Happy Labour Day, Everyone!!!! We are having some beautiful weather where we are! Hope it’s beautiful where everyone else is as well:) (if not, I recommend the movie, Labour Day, with Kate Winslet. It’s on Canadian Netflix, and it’s a nice, thoughtful flick for the end of summer).
As a special Labour Day treat, I have an interview with the very talented Winnipeg author, Anita Daher! I had a wonderful time taking a creative writing workshop with Anita about a year and a half ago, and her terrific instruction and guidance helped me to develop my latest novel-in-progress, “Moorhouse.” Besides being an excellent writing instructor, writer, and editor (and now an actress!), Anita is such a lovely, uplifting, and fun presence. If you ever get the chance to take one of her workshops, I seriously recommend it! Meanwhile, if you feel like checking out some of her work, her latest book for young people, Wonder Horse, is out now.
In our interview, Anita talks about favourite books, how she came to be a children’s author, and how her newest career has helped her as a writer. Enjoy! 🙂
Emily’s interview with Anita:
1. You’re mainly a writer of children’s and teen’s books. How did you first become interested in that age demographic?
I’ve always believed that each of us has an emotional age that we most naturally go to when we enter that creative space necessary to write. For me, as I explore a story it is most often through the eyes of someone aged 12 to 17. It just feels right.
2. What are some of your favourite young people’s books (children’s and/or teens’?)
I have my favourites from when I was a young reader—The Chrysalids, The Hobbit, Lord of the Rings, The Chronicles of Thomas Covenant, the Xanth novels (all of them!) by Piers Anthony. More recently…oh gosh, there are so many…the Truth Commission by Susan Juby, Ysabel by Guy Gavriel Kay, Rabbit Ears by Maggie de Vries, Shadow Town by Duncan Thornton and Forever Julia by Jodi Carmichael.
3. Is there any one book or books that have inspired your writing in any way?
I have been inspired by particular authors for varying reasons, more than particular books: Tim Wynne Jones, Stephen King and James Joyce spring immediately to mind.

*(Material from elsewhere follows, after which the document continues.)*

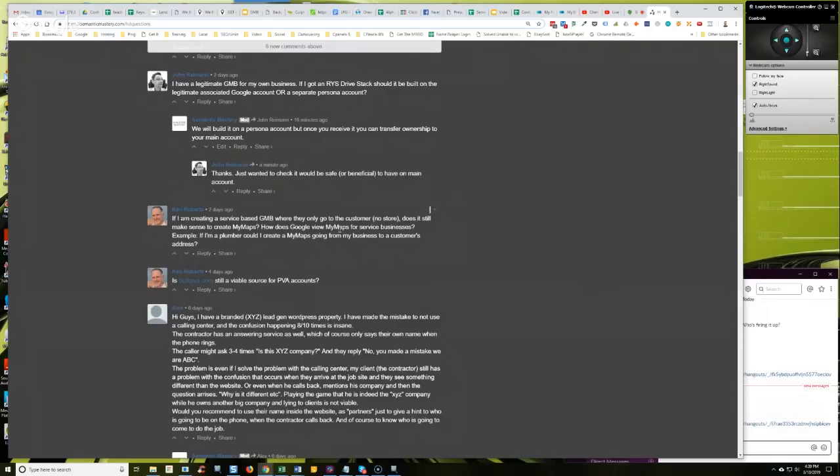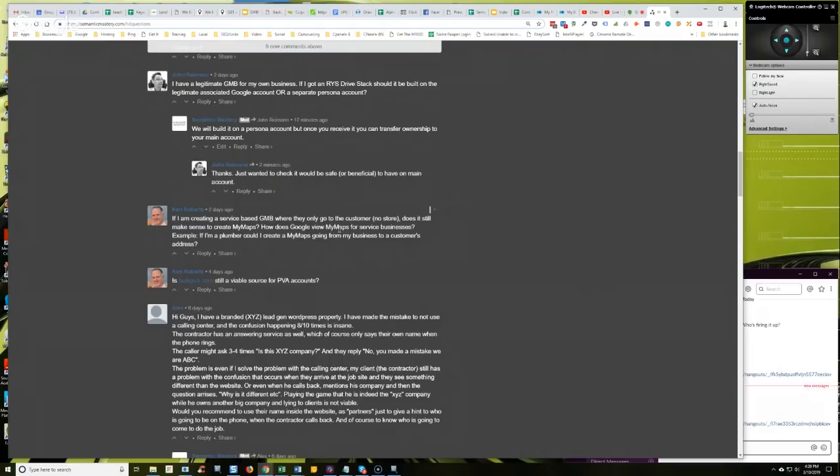What you do is just wherever that physical location is of that map listing, you take that zip code, just enter it into Google. It'll give you the map pin as what it deems a city center. Right? And so you just grab that coordinate and start from there. That's what you would drive. You'd have driving directions from that point out to the target area that you want to optimize for. Does that make sense?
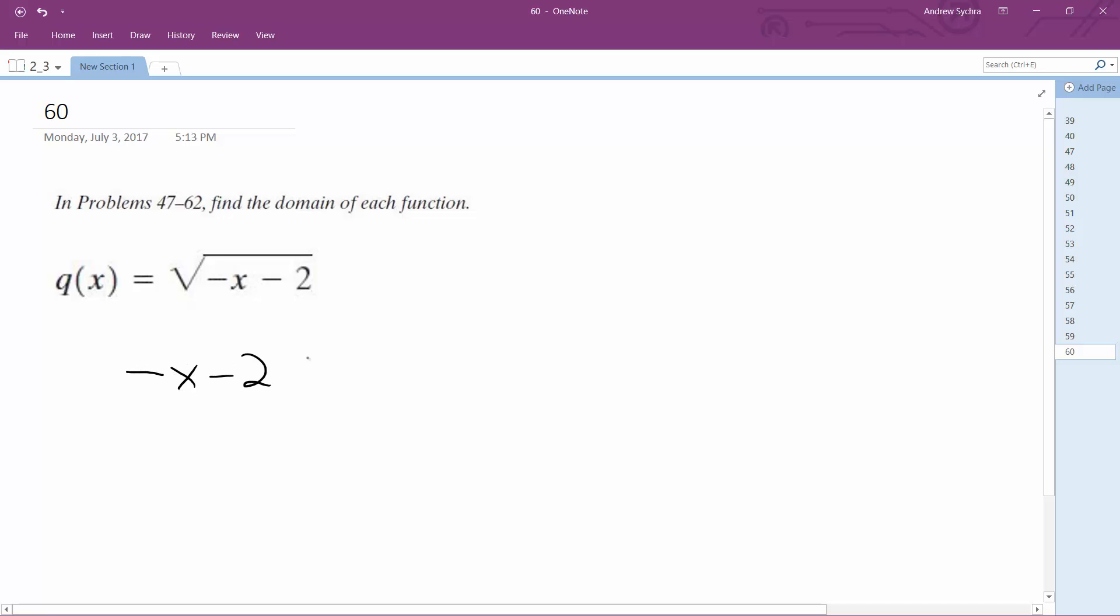So negative x minus 2 has to be greater than or equal to 0. So negative x, add 2 to both sides, greater than or equal to 2.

4. What is your favourite writing snack?
Jellybeans…or spinach with melted cheese (for those thinking moments when I can sit back and use a utensil)
5. You’re an actress now! Do you feel that being a writer helps you in your latest profession (or vice versa)?
Indeed! Acting deepens my exploration of emotional truth, which encourages me to “go deeper” in my writing, and writing helps with understanding subtext as I read a script. Though acting and writing I am able to live my life more fully as a creative person.
6. You’ve also spent time as an editor. Has editing changed the way you write?
I think it has. When I am writing a first draft, I try not to edit myself, but I think my subconscious is more present in terms of pacing, avoiding cliché and potential plot holes. During rewrites the ‘tuning up” may happen a little more quickly and easily.
7. Finally (because I’m on a bit of a classics kick), what’s your favourite classic novel (or favourites…)?
Oh, gosh…how to choose? One of the most influential novels during my adolescent years was The Chrysalids by John Wyndham. I think I was eleven or twelve when I read it, and it was, I believe, my first post apocalyptic story. It showed me that it was not only okay to be different, but desirable.
I also loved the Narnia series, Little Women, The Black Stallion, A Clockwork Orange, The Hobbit and The Lord of the Rings.
Thanks so much for the interview, Anita!